Pour moderniser les services et systèmes de transport, améliorer leur intégration et placer la politique tarifaire au cœur d’une politique cohérente des infrastructures, plusieurs leviers doivent être actionnés simultanément. Il faut réhabiliter les transports maritimes, ferroviaires, terrestres et aériens afin d’améliorer leur efficacité-coût pour les personnes comme pour le fret, aux niveaux national et international. Il convient également d’établir un cadre politique et institutionnel favorisant la participation privée dans les infrastructures. Le transport routier présente à cet égard l’avantage de pouvoir s’autofinancer par les péages ou les recettes fiscales induites, tandis que les infrastructures ferroviaires et portuaires exigent un apport massif de financements publics. Le recours aux concessions selon le modèle BOT (Build-Operate-Transfer) doit être démontré comme viable, et les capacités de gestion et de régulation des infrastructures renforcées dans le cadre d’une gouvernance cohérente.

De manière plus générale, notamment dans le domaine des transports, l’Afrique a besoin d’une politique nouvelle articulée autour de deux axes complémentaires. D’une part, une diversification de l’offre énergétique, par l’encouragement aux carburants alternatifs — biocarburants, hydrogène, GPL carburant, énergies renouvelables —, domaine dans lequel l’Afrique dispose d’importants avantages comparatifs. D’autre part, une maîtrise de la demande, dans le cadre d’une politique de développement durable, par l’internalisation dans les prix de l’ensemble des coûts induits et par la promotion de l’efficacité énergétique pour réduire le gaspillage — notamment dans le secteur du bâtiment et des travaux publics, où de nouveaux matériaux permettent des économies d’énergie supérieures à 30 % — le tout appuyé sur des mécanismes de régulation macroéconomique et macrosociale adaptés.

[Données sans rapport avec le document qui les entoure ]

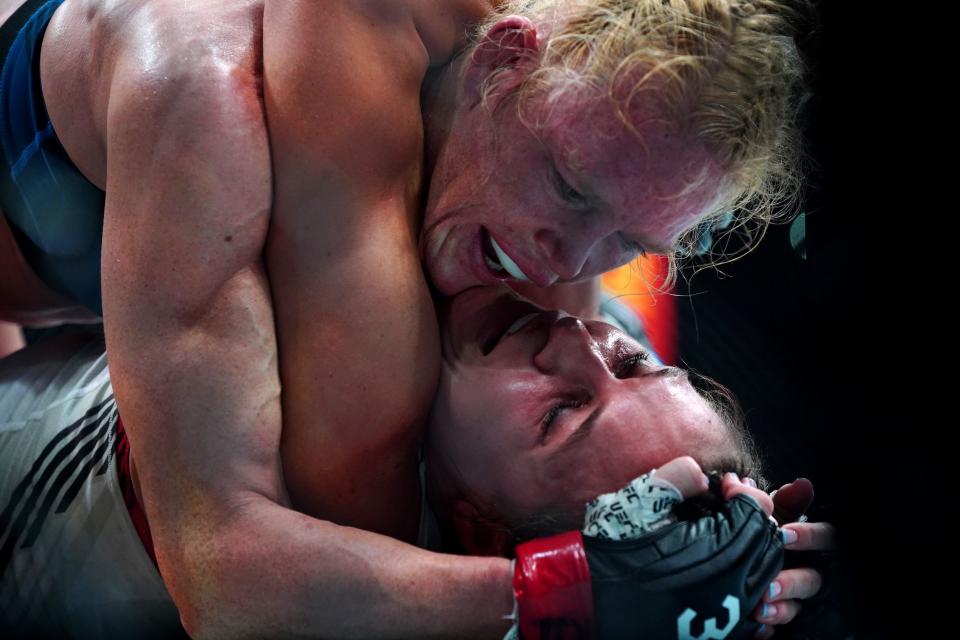 Mar 25, 2023; San Antonio, Texas, USA; Holly Holm (red gloves) fights Yana Santos (blue gloves) during UFC Fight Night at AT&T Center. Mandatory Credit: Aaron Meullion-USA TODAY Sports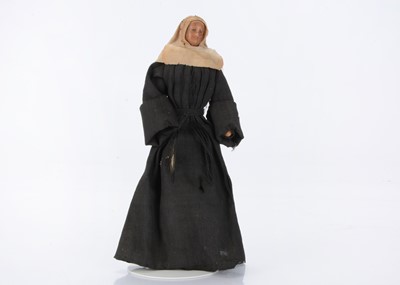 Lot 1340 - An early poured bees wax nun doll
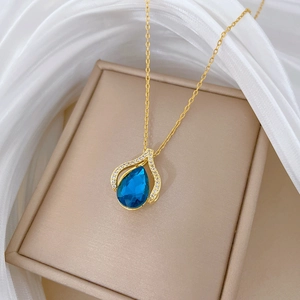 Detail of gold necklace with blue teardrop pendant and pavé crystals on silk background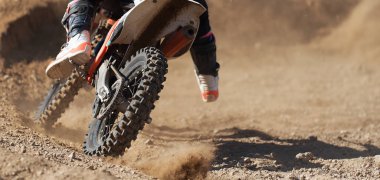 Motosikletli yarışçı çocuk motokros yarışına katılıyor, aktif ekstrem spor, toprak yolda bir motokros enkazı uçuyor.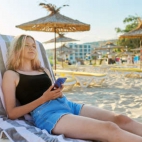 165068368-vacation-at-sea-weekend-on-beach-beautiful-tanned-teenager-girl-in-t-shirt-shorts-with-we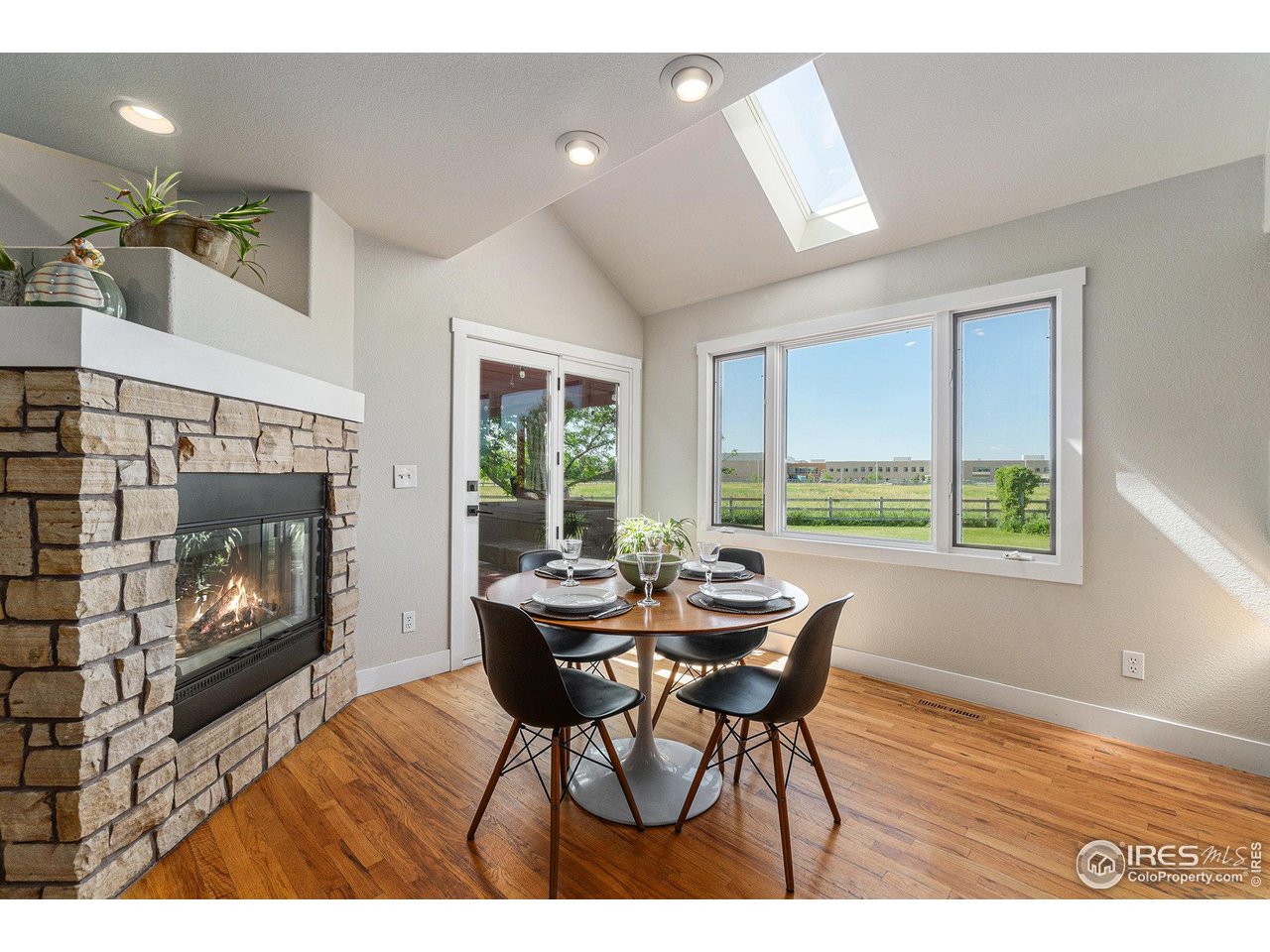 4615 Kitchell Way Fort Collins, CO 80524 - Photo 11 of 41 a dining room with furniture a fireplace and wooden floor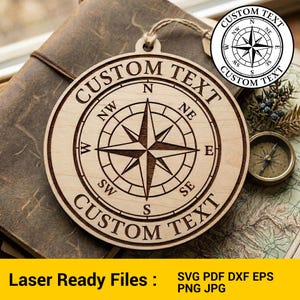 May include: A circular wooden ornament featuring a compass design and the words "CUSTOM TEXT" engraved around the edge. The compass rose has directional indicators. The ornament is suspended by a string. The text "Laser Ready Files" is at the bottom.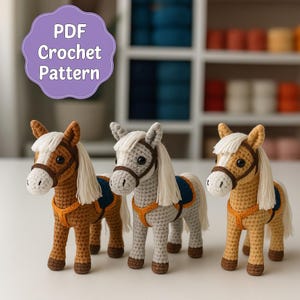 May include: Three crocheted toy horses in shades of brown, gray, and yellow, each with a white mane and tail, and a blue and orange saddle. The image includes a purple sign that says "PDF Crochet Pattern".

En conclusion, les corridors de transport et les interconnexions énergétiques transfrontalières peuvent considérablement stimuler le commerce intra-africain. Le développement des infrastructures constitue un vecteur essentiel de prospérité, en permettant aux entreprises — seules créatrices de richesses durables — de contribuer au développement des nations. Pour être efficace, ce développement, auquel les États africains consacrent souvent une part importante de leur budget, doit s’appuyer sur une coordination interministérielle solide et sur des actions complémentaires dans d’autres domaines : politique budgétaire, politique énergétique et politique d’aménagement du territoire. C’est dans cette perspective que le gouvernement algérien entend déployer un programme ambitieux en matière d’infrastructures et de transport, au carrefour de ses échanges avec l’Afrique et comme levier de soutien à sa croissance.